ExCALIBUR Framework for application input configuration and validation 

Next-generation weather prediction and climate projections rely on complex systems using a variety of codebases owned, developed, and maintained by different (but overlapping) communities. Each of these communities uses their own approach to develop and configure their code and its input and uses their own coding standards. The correct configuration and development of an application and its inputs using any one of these code bases can rely on detailed domain-specific knowledge. Whilst experts are expected to have this knowledge for their domain, it’s difficult for developers and users of these systems to acquire this level of expertise across many applications owned by different communities. 

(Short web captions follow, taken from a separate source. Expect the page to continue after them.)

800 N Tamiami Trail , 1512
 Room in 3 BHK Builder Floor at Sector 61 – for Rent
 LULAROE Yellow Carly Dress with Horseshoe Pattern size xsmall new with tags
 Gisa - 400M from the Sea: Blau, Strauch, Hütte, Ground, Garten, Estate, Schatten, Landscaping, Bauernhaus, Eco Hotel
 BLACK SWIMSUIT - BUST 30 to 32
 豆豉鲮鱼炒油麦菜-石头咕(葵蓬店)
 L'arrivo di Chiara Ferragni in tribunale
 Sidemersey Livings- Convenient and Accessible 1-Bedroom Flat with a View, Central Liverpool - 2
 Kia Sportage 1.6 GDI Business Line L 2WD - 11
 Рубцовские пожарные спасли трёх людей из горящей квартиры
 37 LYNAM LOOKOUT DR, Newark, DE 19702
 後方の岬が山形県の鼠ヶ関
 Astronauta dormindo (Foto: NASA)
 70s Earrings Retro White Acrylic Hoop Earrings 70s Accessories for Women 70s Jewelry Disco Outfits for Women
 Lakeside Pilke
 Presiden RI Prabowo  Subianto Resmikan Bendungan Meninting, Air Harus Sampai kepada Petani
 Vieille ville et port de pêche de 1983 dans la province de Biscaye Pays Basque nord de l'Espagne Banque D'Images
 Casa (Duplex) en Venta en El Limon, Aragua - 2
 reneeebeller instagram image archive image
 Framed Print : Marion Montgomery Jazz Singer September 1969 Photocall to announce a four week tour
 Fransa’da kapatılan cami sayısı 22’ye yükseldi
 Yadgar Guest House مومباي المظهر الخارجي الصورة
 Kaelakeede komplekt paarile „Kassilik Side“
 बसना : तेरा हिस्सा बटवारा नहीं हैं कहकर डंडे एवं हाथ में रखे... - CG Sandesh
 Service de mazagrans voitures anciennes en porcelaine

Rules written by application specialists in the form of schemas (also known as configuration metadata) can be used to ensure that user-defined inputs to applications are both appropriate and consistent. This includes (but is not limited to) what inputs are required, how these depend on the values of other inputs and that each input is of the correct data type and length. Such schemas can then be employed to aid users not experienced in these applications by constraining inputs and providing description, help, application default values, etc. Use of schemas in current systems is not universal and they are often written manually to be consistent with the code base, an approach which is hard to maintain and error prone. 

One way to address this being widely adopted by next-generation codes is for the metadata contained in schemas to be automatically derived from single sources of truth, either using information held in the code bases to constrain the inputs or using separate schemas to both constrain the inputs and generate the code used to read and validate it. Whilst we can influence the developers of the code bases that we use to adopt a single source of truth, we must accept that the way they wish to do this will be different between different code bases. The challenge therefore is to be able to use the schema generated from these different sources of truth as part of a common user experience. 

We have enhanced the next generation Data Assimilation (DA) applications with the ability to generate JSON schema files for their input configurations as part of the build. Workflow developers can take advantage of the YAML processor utility which we developed as well as the enhancement we have added to the DA applications. They can modularise their application configurations and build them from static, user inputs and cycle dependent settings. Where required, they can expose settings in YAML configurations to users via the current generation configuration editor user interface as environment variables settings. They can also use the schema validation services to identify configuration issues as part of the workflow. 

Users can also take advantage of DA application JSON schemas if they choose to use programming text editors / IDEs that support the YAML language server, by making small changes to their YAML files to point to the relevant schemas. This working practice is portable to Jupyter. This is a modern way of working that enhances robustness and usability for users at all levels of expertise. 

The approach is, in general, applicable to any software systems configured by YAML files (and related file formats) that can be associated with a standardised schema. We therefore recommend the approach to domains beyond the Weather and Climate Use Case, provided they can have a similar setup.